CafePress, Louisville, Ky., released its fourth quarter and fiscal year 2017 financial results, which CEO Fred Durham called “disappointing.”
“Our fourth quarter and full year 2017 results were clearly disappointing, as CafePress.com continued to be negatively impacted by lower traffic resulting from changes in search engine algorithms during the first half of 2017,” he said in a press release. “The company remains focused on completing the modernization of CafePress.com and demolishing the old site, and will roll out significant portions of the modernization in the first quarter of 2018.”
He called these processes “critical” in the effort to compete with the growing number of similar companies, especially as the likes of Walmart and Amazon seek to break into that space.
The company’s gross profit was $13.2 million, down 22 percent from $16.8 million the previous year. Also, cost of net revenue per unit rose 5 percent compared to last year, which the company attributes to a shift in product away from “lower cost categories.”

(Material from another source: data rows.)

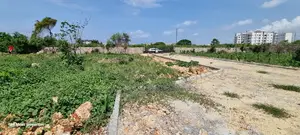 1/4 Plots, Serena Second Row From the Indian Ocean for Sale.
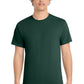 Port & Co   Core Blend Tee.  PC55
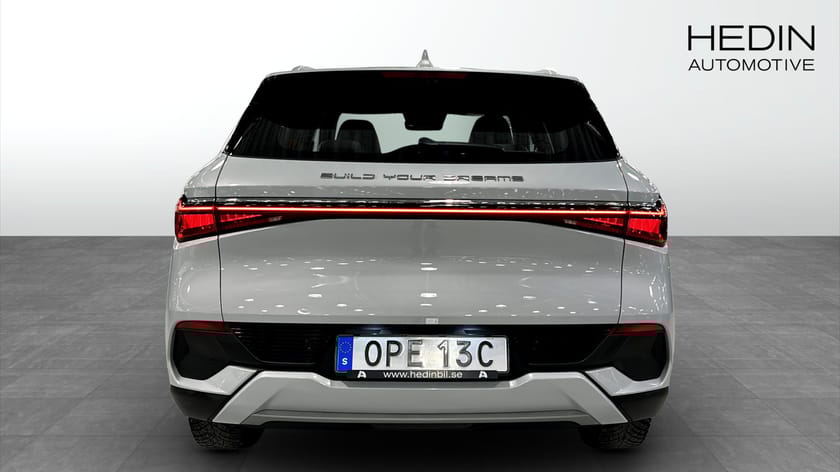 Bild 4 av BYD Atto 3 Extended Range DESIGN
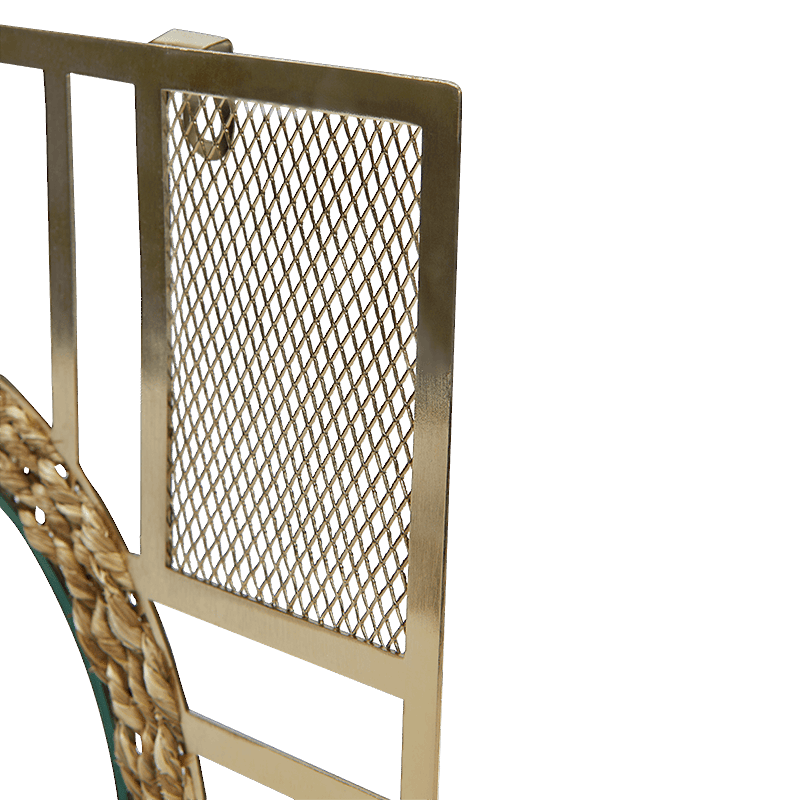 Chloe Hanging Jewlery Stand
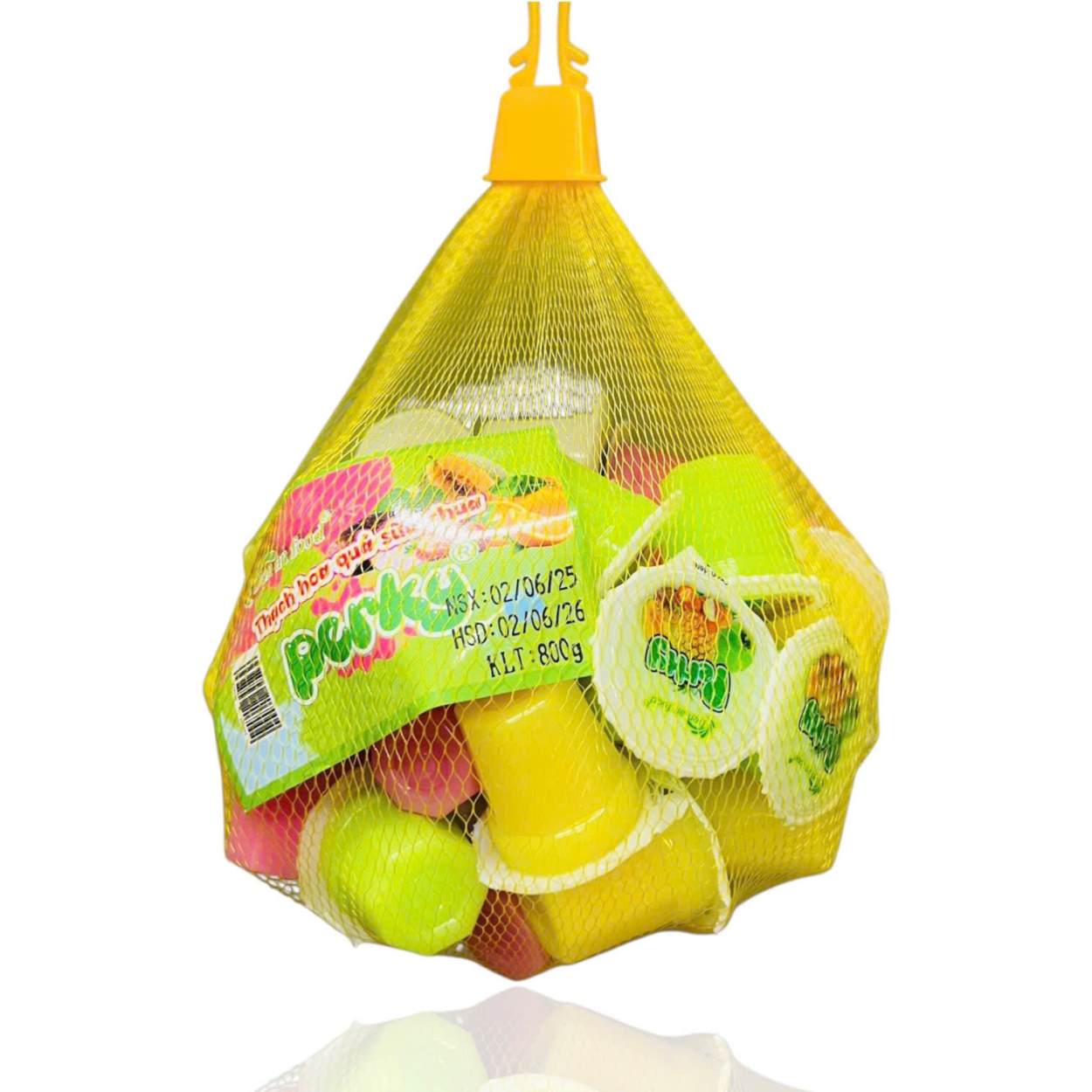 CÔNG TY TNHH THƯƠNG MẠI TUẤN KHANG FOODS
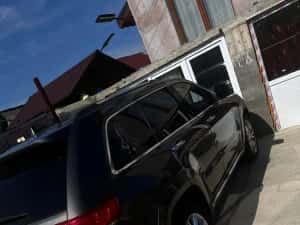 Jeep grand cherokee summit  Aștept oferte — miniatura 5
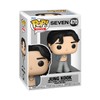 Funko POP! Rocks: Seven - Jung Kook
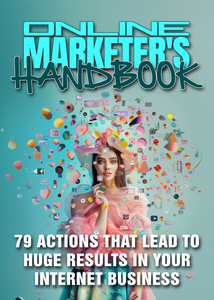 Online Marketer's Handbook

CafePress did, however, see growth in its Retail Partner Channel, which exists in addition to its conventional CafePress.com sales outlet for customers to purchase goods from, and noted that operating expenses were down $1.1 million, but reported net revenues at $34.2 million, down 22 percent from $43.7 million.
The company’s net revenue, $85.7 million, is a 16 percent drop from the $102.2 million of last year, and gross profit was at $33.2 million, down from $41.8 million.